Mushroom Spaghetti
From: Jean-Claude B., Montreal, Quebec, Canada
Comments: 700 watt oven.
Waiting time : none
The spaghetti can be the main dish of a vegetarian meal.
For a delicious dish, serve with a vegetable sauce containing fine herbs; ready in an instant!
Servings: 4
IngredientsPreparation
  • 1 pound [454 g] sliced mushrooms
  • 1 celery branch, chopped
  • 1 small onion, chopped
  • 1/2 green pepper, seeded and chopped
  • 1 clove of garlic, crushed
  • 2 tablespoons [30 ml] sunflower oil
  • 1 can [14 ounces / 398 ml] crushed tomatoes
  • 4 tablespoons [60 ml] tomato paste
  • 2 teaspoons [10 ml] parsley, chopped
  • 1/2 teaspoon [2.5 ml] sugar
  • Salt and pepper to taste
  • 1/2 teaspoon [2.5 ml] basil
  • 1/2 teaspoon [2.5 ml] oregano
  • Boiled spaghetti noodles
  • Mix together mushrooms, celery, onion, green pepper, garlic and oil in a 10 cup pot.

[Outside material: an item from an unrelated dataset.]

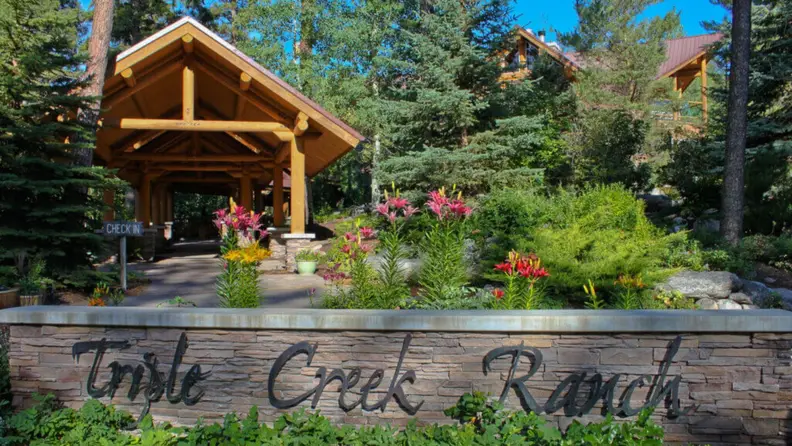 The entry to a ranch resort with lush greens and colorful flowers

  • Cover and cook 3 or 4 minutes on 'HIGH', until tender.
  • Incorporate remaining ingredients, cover and cook 5 minutes on 'HIGH'.

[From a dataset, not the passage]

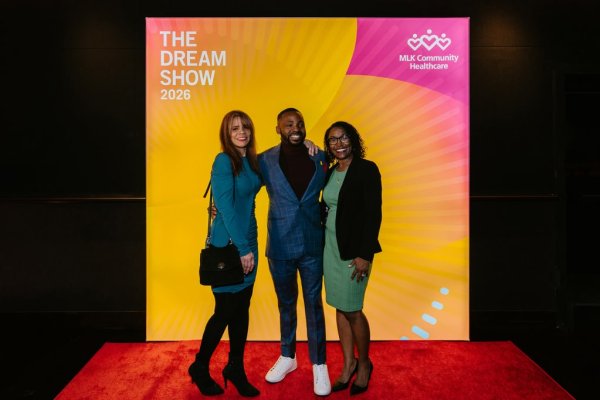 group of people smiling in front of photo backdrop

  • Uncover, reduce power to 'MEDIUM' and cook 15 to 18 minutes until thickening, stirring once.
  • Stir well, then pour sauce over spaghetti noodles.
For 2:
  • Reduce all ingredients by half.
  • Place vegetables, garlic and oil in a 5 cup pot and cook 2 or 3 minutes on 'HIGH'.
  • Add remaining ingredients and cook on 'MEDIUM', 10 to 12 minutes, until thickening.